Will America embrace soccer after the World Cup glow fades?

The great debate will resume again soon, of course, the big-picture forecasting. Is soccer about to explode, truly explode, in this country? Will the interest and attention this US team brought to this World Cup act as a trigger for making the world’s game a true major-league sport this time around?

We’ll see. I hope it does. I hope MLS and the NASL get a bounce from this. Can it be the way it was 35 years ago? Actually, it can because, actually, it already is. Memory insists Pele and Franz Beckenbauer and Giorgio Chinaglia and the rest played in front of a string of 80,000-strong crowds back in the day.

The truth? The highest average attendance in the old NASL was 14,440 in 1980. The most the Cosmos ever attracted to Giants Stadium on average was 32,775 in 1977, which was Pele’s last year, when they occasionally drew football-level crowds to watch futbol games.

Look, this isn’t to disparage those old memories; far from it. Last year the Seattle Sounders in MLS averaged 44,038 per date, fully 33 percent more than the most star-studded Cosmos team ever did. The Red Bulls played to 77 percent capacity in their terrific stadium, a far higher number than the Cosmos ever did in their old spacious digs.

And MLS’ average attendance last year was 18,887, far more than the NASL ever attracted in its most prosperous years. The truth? Forget the ’70s; these are the good old days, and it was in this climate the US assembled this national team that across four games in Brazil seemed to reflect so much of the good we seek in sports.

I’ve heard from some soccer fans, a number of them, who are grateful their sport has attracted the attention it has, but a few of them reprimanded me these past few weeks.

“Not everything we do deserves praise!” one wrote.

“Cover the U.S. team the way you would the Mets or the Yankees, with a critical eye. Don’t be a homer!”

Well, maybe in time. I was one of those kids who fell for soccer back in the day, who watched every Cosmos game on TV, but that interest faded over time and I can’t say I recognize much beyond turnovers, great saves and terrific goals. Even I could see Tim Howard was magnificent in the 2-1 extra-time loss to Belgium that ended the American-centric portion of this Cup.
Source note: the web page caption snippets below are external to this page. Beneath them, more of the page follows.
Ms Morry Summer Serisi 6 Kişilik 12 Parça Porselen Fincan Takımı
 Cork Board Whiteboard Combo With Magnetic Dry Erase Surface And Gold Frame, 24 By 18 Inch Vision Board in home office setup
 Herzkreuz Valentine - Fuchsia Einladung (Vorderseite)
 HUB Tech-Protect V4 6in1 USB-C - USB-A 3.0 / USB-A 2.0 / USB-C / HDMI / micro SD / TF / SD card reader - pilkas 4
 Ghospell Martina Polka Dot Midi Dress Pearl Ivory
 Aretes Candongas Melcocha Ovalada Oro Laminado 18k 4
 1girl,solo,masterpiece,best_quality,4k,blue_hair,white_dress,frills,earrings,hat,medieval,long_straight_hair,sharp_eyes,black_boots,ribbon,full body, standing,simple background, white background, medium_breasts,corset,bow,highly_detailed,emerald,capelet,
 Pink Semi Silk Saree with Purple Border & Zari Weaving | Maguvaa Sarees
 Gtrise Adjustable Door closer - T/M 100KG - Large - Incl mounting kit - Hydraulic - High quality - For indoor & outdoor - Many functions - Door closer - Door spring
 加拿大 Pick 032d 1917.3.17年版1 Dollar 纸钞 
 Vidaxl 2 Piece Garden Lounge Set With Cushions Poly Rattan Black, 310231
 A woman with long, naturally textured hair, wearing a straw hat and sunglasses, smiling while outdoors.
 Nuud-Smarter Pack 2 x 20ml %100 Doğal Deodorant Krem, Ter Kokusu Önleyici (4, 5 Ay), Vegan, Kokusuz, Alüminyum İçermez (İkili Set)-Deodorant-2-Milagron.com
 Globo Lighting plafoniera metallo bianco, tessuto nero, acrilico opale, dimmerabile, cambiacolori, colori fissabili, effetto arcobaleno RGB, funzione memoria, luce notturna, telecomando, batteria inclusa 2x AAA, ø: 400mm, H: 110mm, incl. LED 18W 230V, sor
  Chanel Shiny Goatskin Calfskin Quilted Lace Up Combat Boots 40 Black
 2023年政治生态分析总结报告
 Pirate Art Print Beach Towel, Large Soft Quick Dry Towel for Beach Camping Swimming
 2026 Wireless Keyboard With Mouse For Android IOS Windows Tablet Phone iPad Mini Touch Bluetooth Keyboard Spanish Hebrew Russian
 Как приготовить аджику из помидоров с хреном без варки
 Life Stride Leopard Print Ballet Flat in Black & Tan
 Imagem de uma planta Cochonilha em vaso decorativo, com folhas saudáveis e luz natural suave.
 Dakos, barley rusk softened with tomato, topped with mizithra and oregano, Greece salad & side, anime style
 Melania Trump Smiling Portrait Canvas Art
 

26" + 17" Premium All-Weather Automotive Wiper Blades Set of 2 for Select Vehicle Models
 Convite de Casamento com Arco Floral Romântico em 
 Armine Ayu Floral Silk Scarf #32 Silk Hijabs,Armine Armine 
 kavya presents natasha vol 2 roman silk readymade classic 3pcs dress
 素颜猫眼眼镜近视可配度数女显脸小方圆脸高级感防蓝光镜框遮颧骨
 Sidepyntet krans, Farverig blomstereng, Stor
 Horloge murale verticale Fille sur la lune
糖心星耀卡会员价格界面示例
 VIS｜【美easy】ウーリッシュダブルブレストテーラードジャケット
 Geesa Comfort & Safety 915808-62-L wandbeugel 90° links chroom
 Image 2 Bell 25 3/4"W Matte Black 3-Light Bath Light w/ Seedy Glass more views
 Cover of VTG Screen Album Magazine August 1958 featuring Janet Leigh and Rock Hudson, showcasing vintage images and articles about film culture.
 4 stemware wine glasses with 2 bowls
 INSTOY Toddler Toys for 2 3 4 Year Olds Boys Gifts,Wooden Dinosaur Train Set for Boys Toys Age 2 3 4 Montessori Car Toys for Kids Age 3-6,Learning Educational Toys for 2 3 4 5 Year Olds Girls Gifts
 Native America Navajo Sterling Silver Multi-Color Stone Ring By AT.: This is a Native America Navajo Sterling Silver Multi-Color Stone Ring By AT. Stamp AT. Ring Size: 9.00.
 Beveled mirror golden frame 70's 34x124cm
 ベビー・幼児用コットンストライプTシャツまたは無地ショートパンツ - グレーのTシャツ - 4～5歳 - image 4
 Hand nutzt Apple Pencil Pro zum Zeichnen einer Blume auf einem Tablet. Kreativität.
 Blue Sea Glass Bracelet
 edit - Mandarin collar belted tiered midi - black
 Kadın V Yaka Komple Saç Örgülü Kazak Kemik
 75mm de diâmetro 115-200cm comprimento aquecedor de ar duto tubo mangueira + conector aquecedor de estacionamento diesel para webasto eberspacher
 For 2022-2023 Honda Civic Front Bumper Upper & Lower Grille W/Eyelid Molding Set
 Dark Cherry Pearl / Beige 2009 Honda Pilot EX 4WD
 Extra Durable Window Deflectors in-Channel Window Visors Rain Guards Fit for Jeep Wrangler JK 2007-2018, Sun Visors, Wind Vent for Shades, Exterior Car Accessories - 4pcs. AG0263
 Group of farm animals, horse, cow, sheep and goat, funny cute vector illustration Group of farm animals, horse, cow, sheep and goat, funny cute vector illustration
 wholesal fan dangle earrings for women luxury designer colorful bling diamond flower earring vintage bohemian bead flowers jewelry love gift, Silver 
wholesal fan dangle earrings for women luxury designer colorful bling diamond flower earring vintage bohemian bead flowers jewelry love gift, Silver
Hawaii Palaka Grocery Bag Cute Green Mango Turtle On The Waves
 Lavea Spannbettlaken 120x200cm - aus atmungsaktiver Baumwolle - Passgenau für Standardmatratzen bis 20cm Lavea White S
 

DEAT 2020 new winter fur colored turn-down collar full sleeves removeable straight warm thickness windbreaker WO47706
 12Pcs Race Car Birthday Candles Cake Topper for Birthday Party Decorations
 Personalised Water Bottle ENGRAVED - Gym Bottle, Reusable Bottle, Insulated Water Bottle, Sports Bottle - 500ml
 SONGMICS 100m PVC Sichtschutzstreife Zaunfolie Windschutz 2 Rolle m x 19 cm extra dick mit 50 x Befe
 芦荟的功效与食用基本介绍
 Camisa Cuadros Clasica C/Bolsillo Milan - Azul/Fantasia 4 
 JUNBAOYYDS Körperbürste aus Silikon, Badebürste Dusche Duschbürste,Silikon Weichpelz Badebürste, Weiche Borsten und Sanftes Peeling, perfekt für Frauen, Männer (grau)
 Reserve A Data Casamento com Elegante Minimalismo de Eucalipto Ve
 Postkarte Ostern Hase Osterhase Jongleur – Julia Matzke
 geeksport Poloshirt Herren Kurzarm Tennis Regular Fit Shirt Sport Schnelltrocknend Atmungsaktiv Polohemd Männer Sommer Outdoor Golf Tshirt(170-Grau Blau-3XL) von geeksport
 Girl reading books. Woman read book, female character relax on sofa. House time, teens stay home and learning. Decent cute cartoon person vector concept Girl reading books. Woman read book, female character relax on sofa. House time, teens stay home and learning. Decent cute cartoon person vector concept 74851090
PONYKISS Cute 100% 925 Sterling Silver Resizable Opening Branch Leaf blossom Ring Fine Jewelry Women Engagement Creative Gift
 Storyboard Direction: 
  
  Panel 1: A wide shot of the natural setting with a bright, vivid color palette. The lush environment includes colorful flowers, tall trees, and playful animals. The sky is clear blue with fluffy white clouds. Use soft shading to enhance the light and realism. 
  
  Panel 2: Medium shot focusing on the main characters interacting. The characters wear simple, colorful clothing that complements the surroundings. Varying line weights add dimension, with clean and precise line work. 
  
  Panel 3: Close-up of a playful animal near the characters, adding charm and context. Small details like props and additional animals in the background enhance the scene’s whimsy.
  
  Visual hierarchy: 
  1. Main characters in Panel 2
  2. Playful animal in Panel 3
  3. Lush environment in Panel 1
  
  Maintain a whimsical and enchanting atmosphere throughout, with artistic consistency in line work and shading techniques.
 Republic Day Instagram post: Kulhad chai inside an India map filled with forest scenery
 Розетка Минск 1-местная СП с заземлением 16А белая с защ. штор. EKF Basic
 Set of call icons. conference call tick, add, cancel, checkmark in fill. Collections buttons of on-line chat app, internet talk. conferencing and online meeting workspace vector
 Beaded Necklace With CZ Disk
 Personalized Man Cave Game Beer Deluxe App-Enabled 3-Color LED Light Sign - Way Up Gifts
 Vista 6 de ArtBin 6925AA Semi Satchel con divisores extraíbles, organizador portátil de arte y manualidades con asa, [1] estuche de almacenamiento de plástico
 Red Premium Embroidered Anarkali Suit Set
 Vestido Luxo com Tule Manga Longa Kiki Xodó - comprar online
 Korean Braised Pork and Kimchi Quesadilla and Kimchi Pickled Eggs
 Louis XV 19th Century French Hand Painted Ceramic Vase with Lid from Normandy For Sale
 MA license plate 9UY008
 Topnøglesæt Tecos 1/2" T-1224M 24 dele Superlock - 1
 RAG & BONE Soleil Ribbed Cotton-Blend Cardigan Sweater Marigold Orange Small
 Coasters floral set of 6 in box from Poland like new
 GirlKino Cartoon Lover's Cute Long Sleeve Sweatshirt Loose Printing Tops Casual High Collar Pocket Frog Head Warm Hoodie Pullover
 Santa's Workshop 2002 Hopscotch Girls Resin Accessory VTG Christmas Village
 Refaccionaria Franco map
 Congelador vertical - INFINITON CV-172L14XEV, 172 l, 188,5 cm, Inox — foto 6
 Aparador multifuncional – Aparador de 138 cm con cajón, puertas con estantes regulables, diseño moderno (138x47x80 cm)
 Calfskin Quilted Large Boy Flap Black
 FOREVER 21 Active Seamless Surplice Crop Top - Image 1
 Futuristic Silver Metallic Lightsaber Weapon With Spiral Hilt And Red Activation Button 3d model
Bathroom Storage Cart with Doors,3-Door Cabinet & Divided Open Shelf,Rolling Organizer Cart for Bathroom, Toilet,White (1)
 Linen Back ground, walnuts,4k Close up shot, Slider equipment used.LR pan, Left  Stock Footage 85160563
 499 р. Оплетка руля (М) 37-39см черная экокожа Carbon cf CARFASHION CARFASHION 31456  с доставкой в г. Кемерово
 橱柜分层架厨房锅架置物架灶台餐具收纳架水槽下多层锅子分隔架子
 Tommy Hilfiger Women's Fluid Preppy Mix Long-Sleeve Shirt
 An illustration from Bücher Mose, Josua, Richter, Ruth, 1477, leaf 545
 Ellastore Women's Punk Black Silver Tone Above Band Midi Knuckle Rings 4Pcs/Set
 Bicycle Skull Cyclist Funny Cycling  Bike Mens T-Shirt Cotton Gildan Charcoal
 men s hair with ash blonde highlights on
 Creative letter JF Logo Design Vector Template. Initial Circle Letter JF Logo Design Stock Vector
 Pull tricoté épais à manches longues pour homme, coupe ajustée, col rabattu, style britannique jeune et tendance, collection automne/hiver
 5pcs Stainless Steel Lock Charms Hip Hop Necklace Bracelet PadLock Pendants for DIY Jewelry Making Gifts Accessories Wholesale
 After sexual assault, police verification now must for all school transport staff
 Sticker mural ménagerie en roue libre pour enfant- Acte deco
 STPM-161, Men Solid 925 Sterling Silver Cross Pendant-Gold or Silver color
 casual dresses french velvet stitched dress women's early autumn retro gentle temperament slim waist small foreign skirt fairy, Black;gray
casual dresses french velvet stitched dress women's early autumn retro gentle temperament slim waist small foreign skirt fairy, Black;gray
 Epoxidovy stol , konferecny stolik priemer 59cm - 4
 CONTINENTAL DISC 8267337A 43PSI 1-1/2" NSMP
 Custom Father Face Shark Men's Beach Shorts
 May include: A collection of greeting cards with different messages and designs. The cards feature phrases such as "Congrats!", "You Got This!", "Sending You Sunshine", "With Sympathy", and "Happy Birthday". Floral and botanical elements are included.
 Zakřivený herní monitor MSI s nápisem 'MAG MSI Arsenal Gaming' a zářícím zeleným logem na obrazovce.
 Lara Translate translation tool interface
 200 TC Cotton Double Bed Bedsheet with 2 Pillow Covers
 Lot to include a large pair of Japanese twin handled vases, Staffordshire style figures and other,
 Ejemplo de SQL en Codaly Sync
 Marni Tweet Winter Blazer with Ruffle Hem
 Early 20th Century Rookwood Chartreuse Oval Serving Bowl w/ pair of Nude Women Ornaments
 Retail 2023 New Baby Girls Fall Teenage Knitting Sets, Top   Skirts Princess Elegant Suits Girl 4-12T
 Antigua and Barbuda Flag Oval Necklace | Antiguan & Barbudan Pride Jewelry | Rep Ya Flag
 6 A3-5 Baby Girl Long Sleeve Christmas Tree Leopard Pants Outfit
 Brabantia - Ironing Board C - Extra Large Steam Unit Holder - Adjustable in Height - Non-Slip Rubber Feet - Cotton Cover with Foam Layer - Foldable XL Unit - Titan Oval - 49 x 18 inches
Will I be more hypercritical four years from now? And will the US become what it’s always threatened to become, a soccer nation?

Maybe.

Maybe not.

But that’s really irrelevant, isn’t it?

The fact is, this World Cup has been a hell of a lot of fun to watch. Perhaps you don’t live and die with every game. Perhaps you only barely cared about the US team. But if you spent any time with this tournament — especially the endgames of these matches, when the world’s biggest names always seem to do their finest work — what you saw was certainly worth your while, and worth your time.

And if this US team wasn’t exactly the equal of the 1980 US hockey team — that squad went 6-0-1, after all; these lads ultimately were 1-2-1 — well, they were a fine story. They always will be, as underdogs, for as long as the world looks at the US as intruders in its tightly knit circle. In truth, they are entitled to feel that way until one of these American teams does shock the world, and not just by grinding out of group play.

So the Americans go home, the World Cup goes on without them, and we have four more years to see if the game can truly get under our skin, get into our hearts, attach itself to our sporting soul. Will it? Can it? In some ways it already did back in the day, and in some ways it already has in these, the good new days.

So isn’t that already a good place to start?